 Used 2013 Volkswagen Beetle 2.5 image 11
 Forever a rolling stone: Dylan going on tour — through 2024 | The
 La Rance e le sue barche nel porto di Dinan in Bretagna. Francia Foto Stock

::::::

Task details — Return the full listing, character for character.

Solution to this exercise —
 Used 2013 Volkswagen Beetle 2.5 image 11
 Forever a rolling stone: Dylan going on tour — through 2024 | The
 La Rance e le sue barche nel porto di Dinan in Bretagna. Francia Foto Stock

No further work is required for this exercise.